Who stole winter?

I know that it can happen ay any time of year, the amorousness of males typically being a year-round kind of thing, but the sight of two boxing hares surrounded by a flock of lapwing at the end of January brought to focus the way in which the seasons are drifting like untethered dinghies on an ebb tide, losing their distinct and welcome identity.

Once,  the sharp edges of our seasons brought change and celebration, the high, sharp heat of summer, the return of ‘mists and mellow fruitfulness’ for autumn, the bone-cutting bitterness of winter. But this winter -at least down here in the south – has been dull and unremarkable,  something to be endured not for its challenges but for its boredom, for the lack of any contrast as a grey sky hung with unmoving clouds and black skeletal trees just sits there like the unwelcome guest who won’t leave long after the party is over.  Winter no longer casts off its winter clothes, it just slowly fades into Spring in a series of back-and-forth jitters with days of spring freshness and warmth still interspersed with that grinding, dispiriting grey sameness.

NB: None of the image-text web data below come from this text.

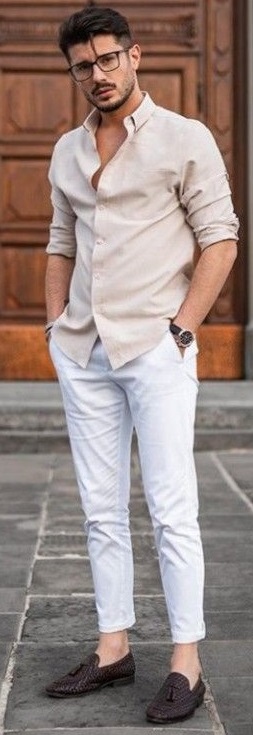 Cream shirt with white chinos and a watch_ Cream shirt with white chinos and a watch_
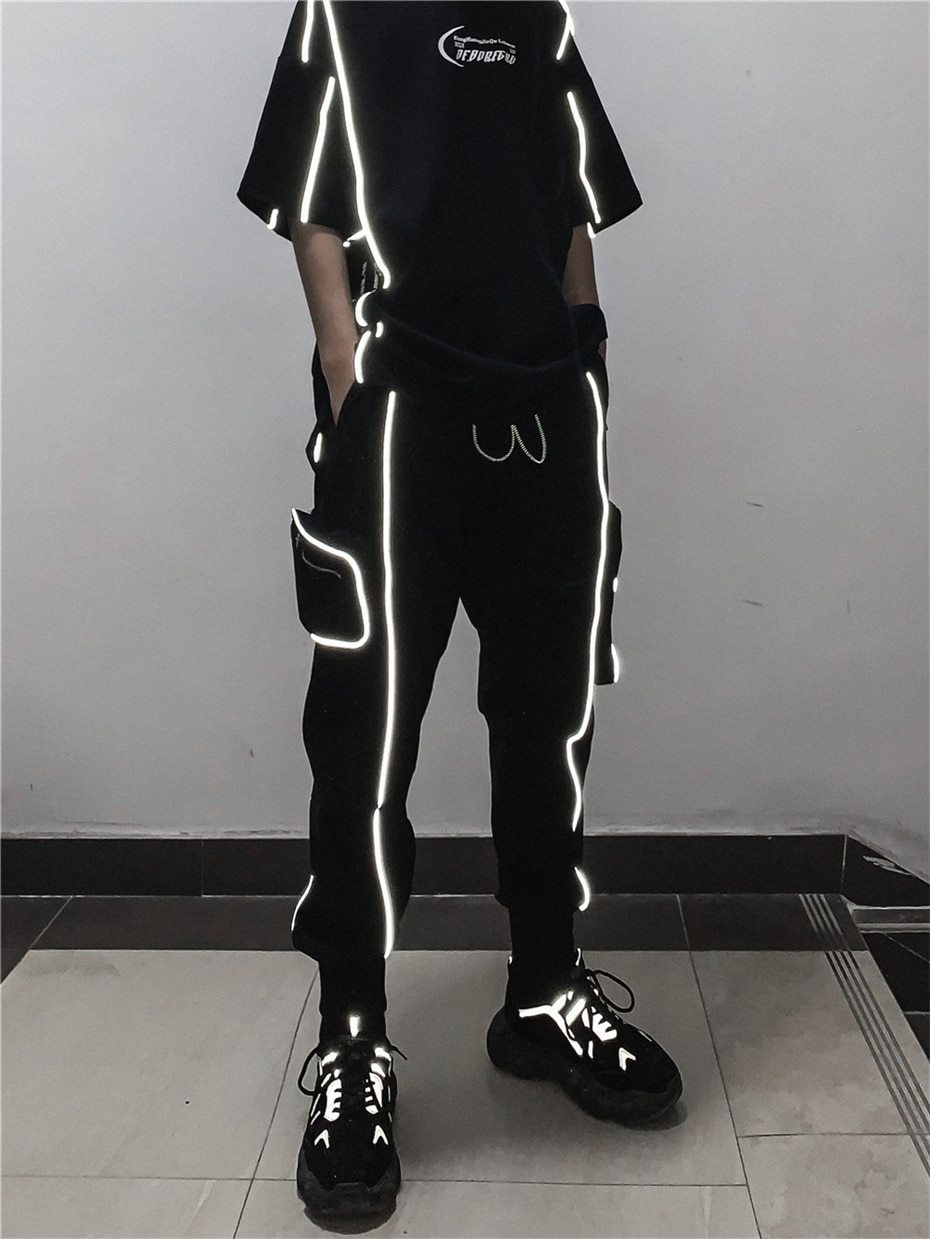 Reflective Stripes Track Pants - buy techwear clothing fashion scarlxrd store pants hoodies face mask vests aesthetic streetwear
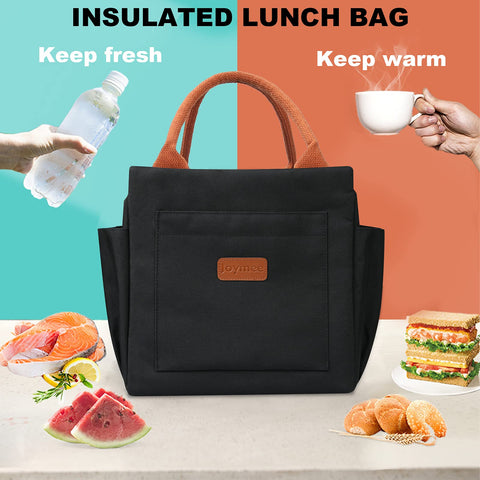 Joymee lunch bag strong handles for comfortable everyday carrying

Contrast is what makes our seasons into our seasons, bringing a sense of release,  of a new phase being entered. This is why I love to live in this country: I would find the continuous warmth of the Med too same-y and  the thought of never again waking out to greet a morning armed with teeth of cold that bite through my jacket would be unwelcome. It is the march of the seasons that tell us we are alive, that we are still part of a common journey, and now I feel cheated, robbed of my seasons and given instead something as dull as the Med but without the benefits of low heating bills and waters you can swim in without risking hypothermia.

I’m getting older now and feel the cold more easily, so never thought I’d say this: bring back the sharp ones. Bring back the winters that reach into my gloves and squeeze my hands. Bring back billowing breath and dripping noses and the ethereal otherworldly light of a snowfall. I want my winters savage and unruly, wild and untamed again.